Stimulation of adoptively transferred T cells by activated arterial DCs. Temporal artery–SCID mouse chimeras carrying HLA-DRB1*0401⁺ normal arteries were treated with LPS and adoptively transferred with alloreactive human T cells as described in Fig. 5. Explanted arterial grafts were shock frozen and used for the generation of cDNA. cDNA concentrations were adjusted to 2 × 10⁵ β-actin transcripts. Tissue concentrations of β-actin, CD83 (A), IL-18 (B), IFN-γ (C), and CD40L (D) mRNA transcripts were determined by quantitative PCR. Pretreatment with LPS induced prompt activation of DCs as indicated by the up-regulation of CD83 and IL-18 mRNA transcripts.
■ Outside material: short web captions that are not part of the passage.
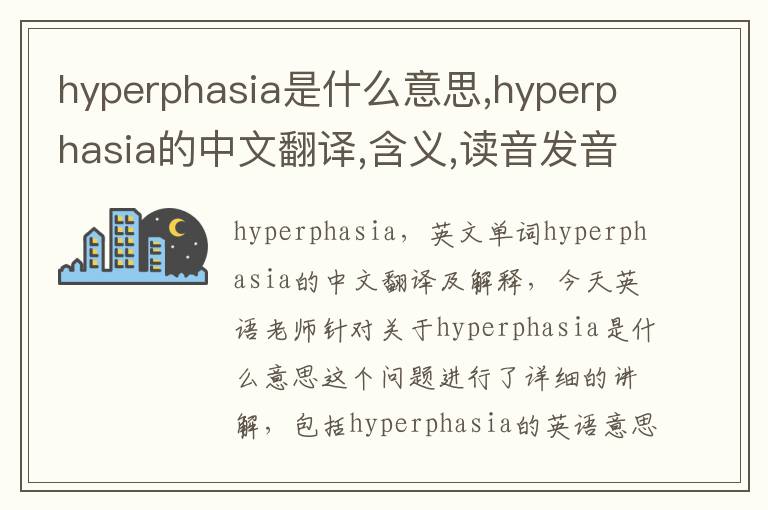 hyperphasia是什么意思,hyperphasia的中文翻译,含义,读音发音,用法,造句,参考例句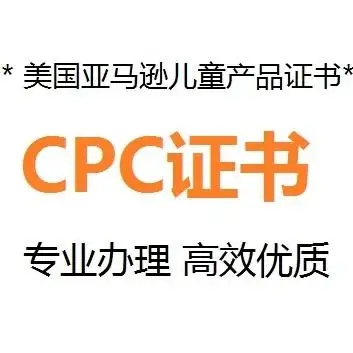 什么是CPC認(rèn)證，要如何申請(qǐng)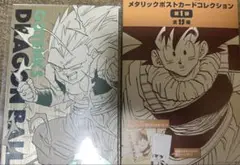 メタリックポストカード ゴテンクス ドラゴンボール ジャンプショップ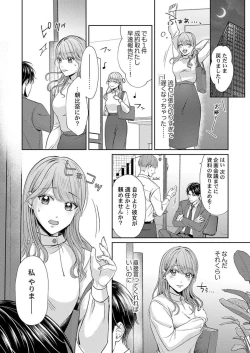 Page 6 of Home Rarenagara, Ikimashita. ~ Kichiku Joushi no Kyoku ama Sugiru Kotoba Zeme 1
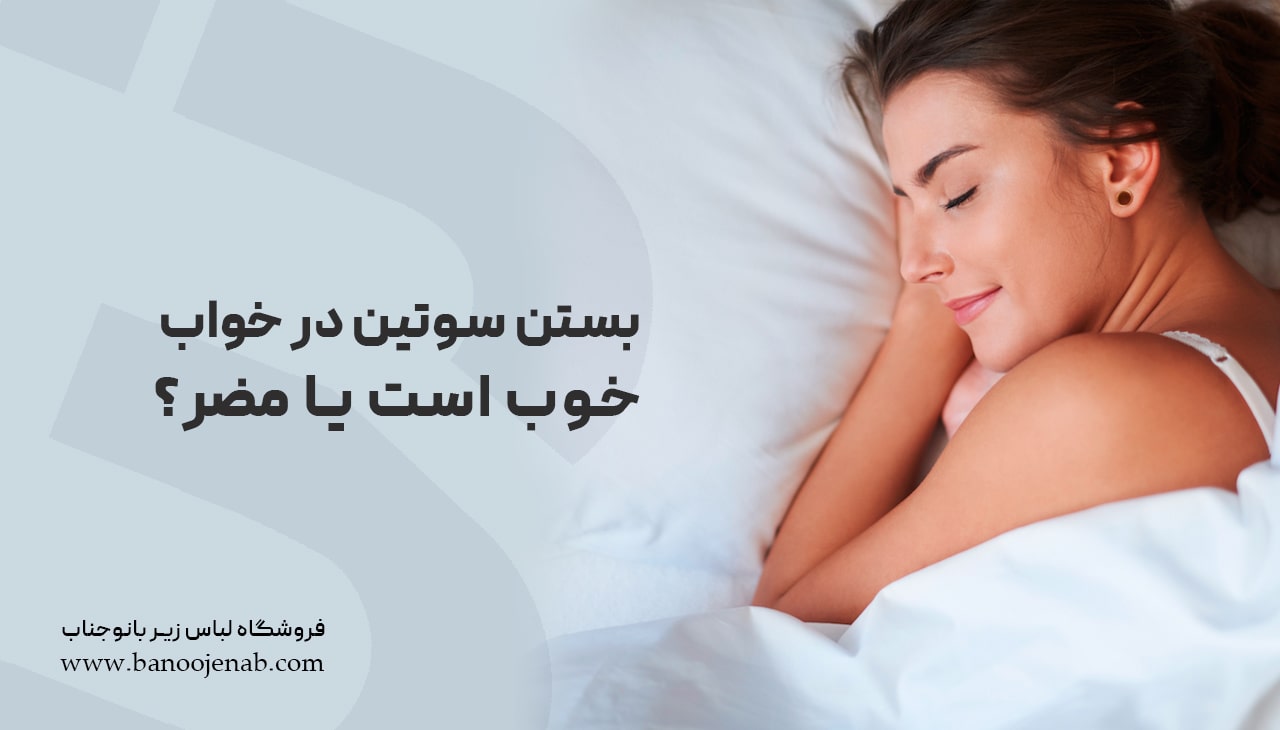 بستن سوتین هنگام خواب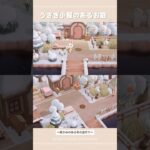 【あつ森】うさぎ小屋のあるお庭🐇｜冬の島クリ【島クリエイト】#あつ森 #あつまれどうぶつの森 #acnh #animalcrossing #島クリ #acnh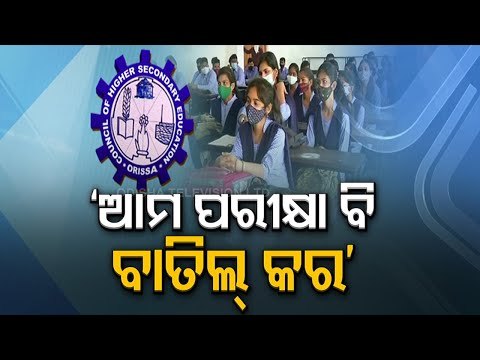 Odisha Students Demands Plus 2 Exam Cancellation | #COVID19 Surge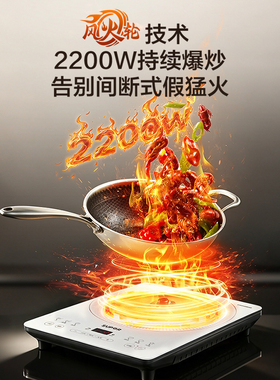 苏泊尔风火轮电磁炉家用持续大火力爆炒智能防滑耐磨多功能电磁灶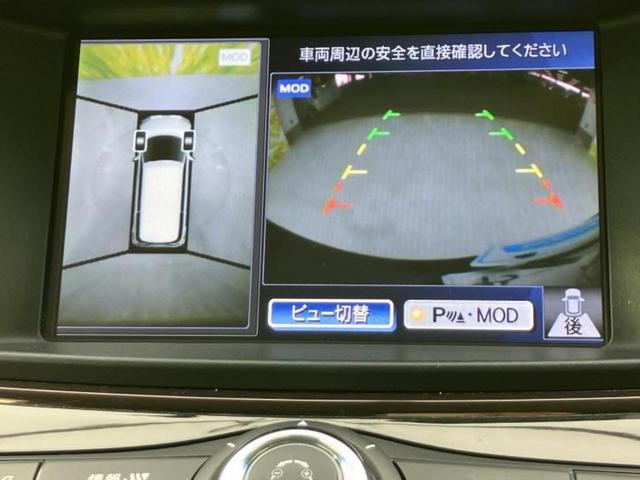 エルグランド ハイウェイスタープレミアム　保証書／純正　ＨＤＤナビ／フリップダウンモニター／両側電動スライドドア／シートヒーター／アラウンドビューモニター／シート　フルレザー／ヘッドランプ　ＨＩＤ／Ｂｌｕｅｔｏｏｔｈ接続／ＥＴＣ　革シート（12枚目）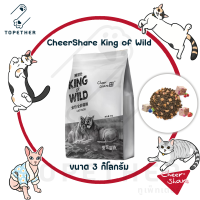 CheerShare - King of Wild อาหารแมว สูตรเกรนฟรี ผสม ฟรีซดราย สำหรับแมวทุกช่วงวัย ขนาด 3 kg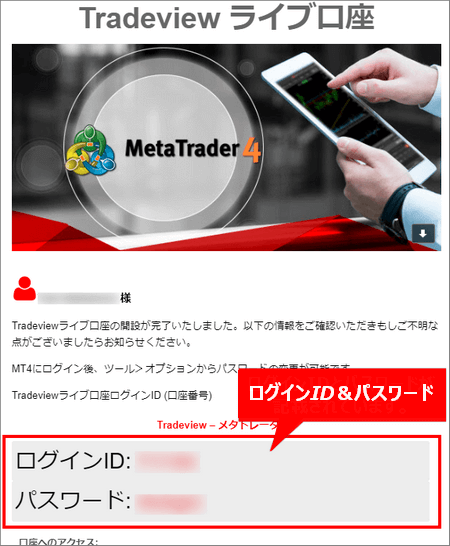 TradeviewでのMT4ログイン情報記載メール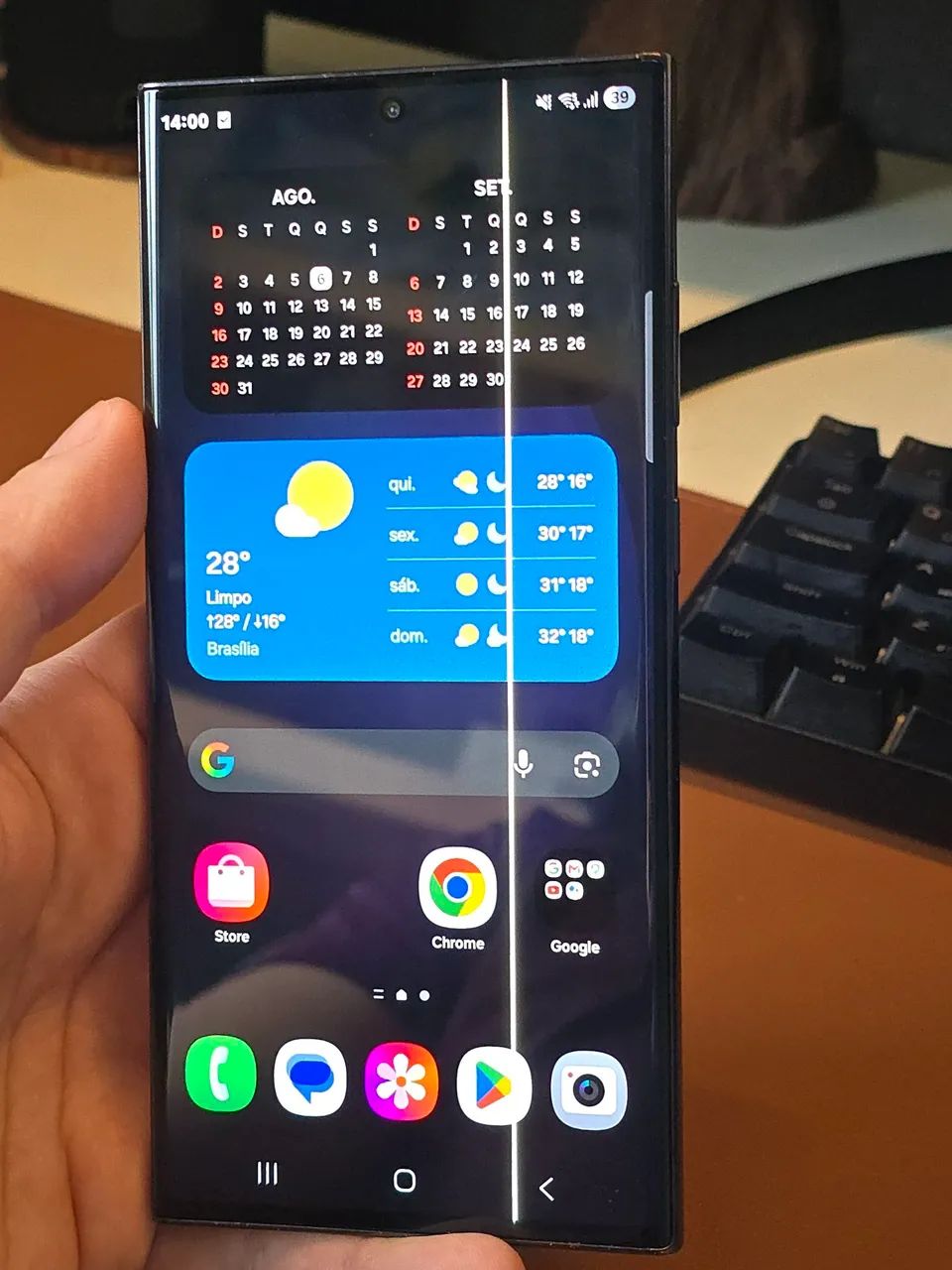 Galaxy s23 ultra top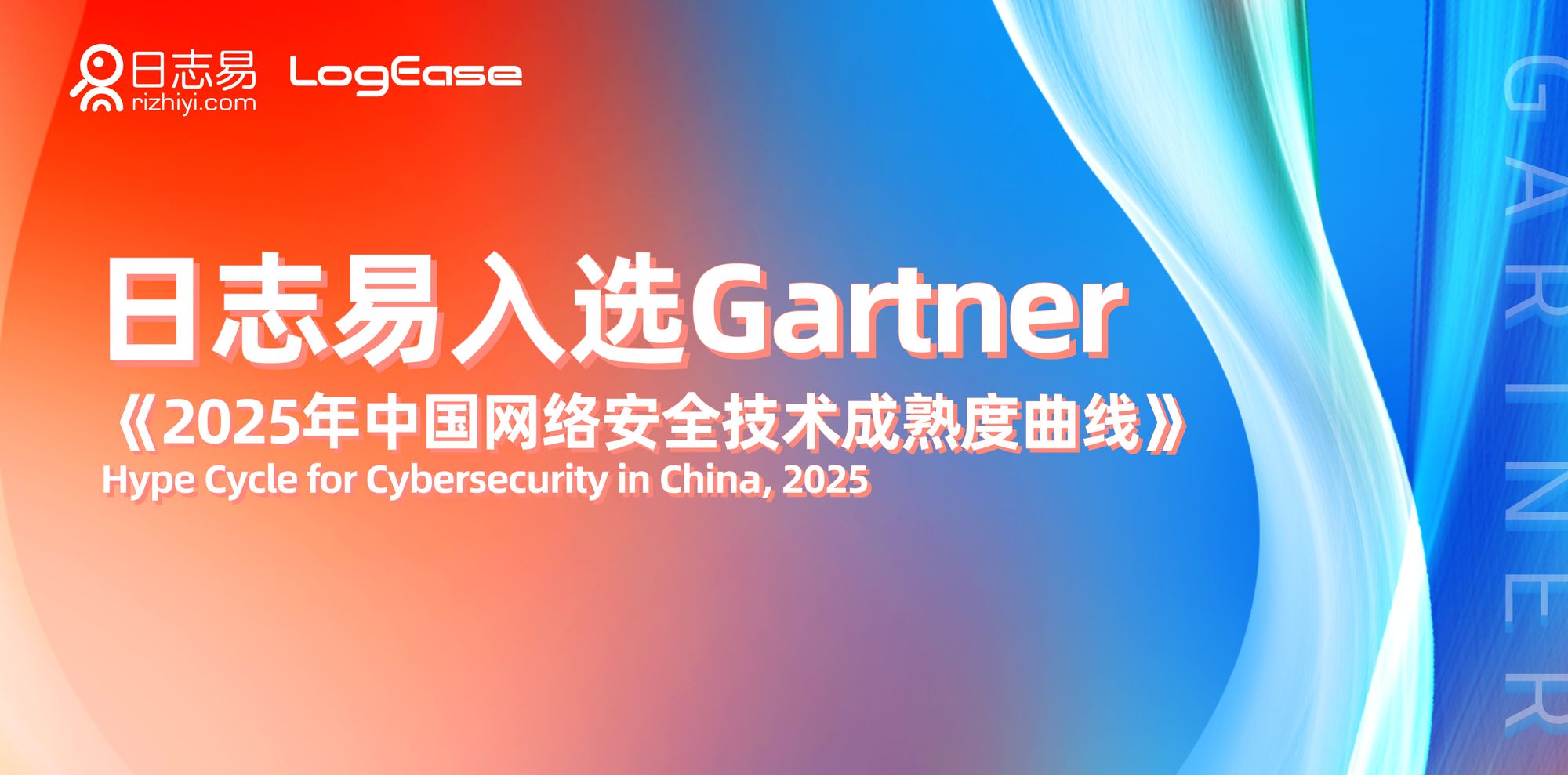 连续两年！日志易SIEM入选Gartner®《2025年中国网络安全技术成熟度曲线》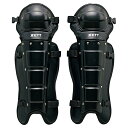 ゼット 野球防具 審判用レガーツ ブラック BLL114 1900 ZETT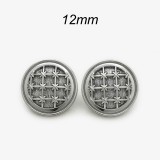 12MM Weaving Grid Fine Glitter metal silver plated snap charms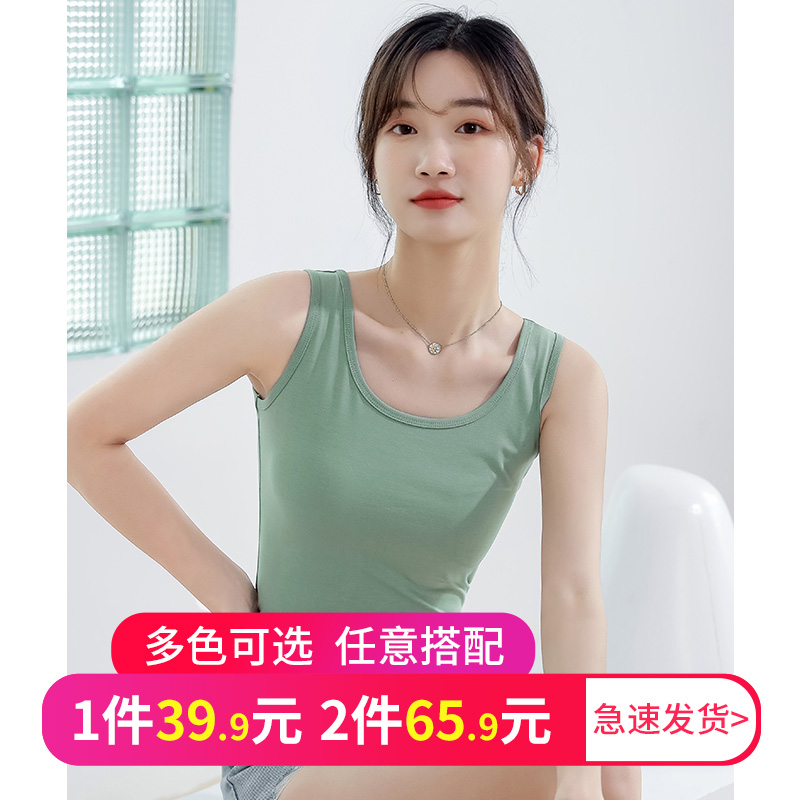 冰丝吊带背心莫代尔坎肩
IFN-γ–and CD40L-specific mRNA transcripts were clearly induced in arteries that had been pretreated with LPS and that received human alloreactive T cell clones. In the absence of LPS stimulation, adoptively transferred T cells induced a minimal up-regulation of CD83, but they failed to undergo in situ activation.

Figure 7.

DC activation in PMR arteries is sufficient to activate disease-relevant T cells from GCA arteries. Donors of normal arteries and patients with PMR or GCA were typed for HLA-DR, and HLA-DRB1*0401⁺ arteries were selected. Arteries from patients with each diagnosis were implanted individually into SCID mice or three arteries (one from each disease category) were implanted into nonadjacent sites of the same mouse. After 7 d, the grafts were harvested, shock frozen, and used for the generation of cDNA. cDNA concentrations were adjusted to equal numbers of β-actin copies. One experiment representative of three is shown. Tissue-infiltrating T cells were detected by PCR analysis for TCR-α sequences (A). T cell activation in the tissues was assessed by quantifying mRNA transcripts for IFN-γ (B) and CD40L (C) by quantitative PCR. GCA arteries contained abundant TCR-α mRNA (lane 1). No T cells were detected in negative arteries (lanes 4 and 5), which remained free of TCR-α sequences even after coimplantation with inflamed arteries (lane 4). PMR arteries had a minimal signal for TCR-α if implanted individually (lane 3), but they accumulated TCR-α copies when combined with inflamed arteries (lane 2). No IFN-γ or CD40L could be detected in negative arteries. PMR arteries remained negative for IFN-γ and CD40L as long as they were isolated from arteries with typical vasculitic lesions. Once GCA and PMR arteries were combined in the same chimera, T cells from the vasculitic infiltrates migrated into the PMR arteries, where they produced IFN-γ and CD40L (B and C). Copy numbers of IFN-γ and CD40L are shown as mean ± SD for one representative experiment. P, positive PCR control; W, negative PCR control.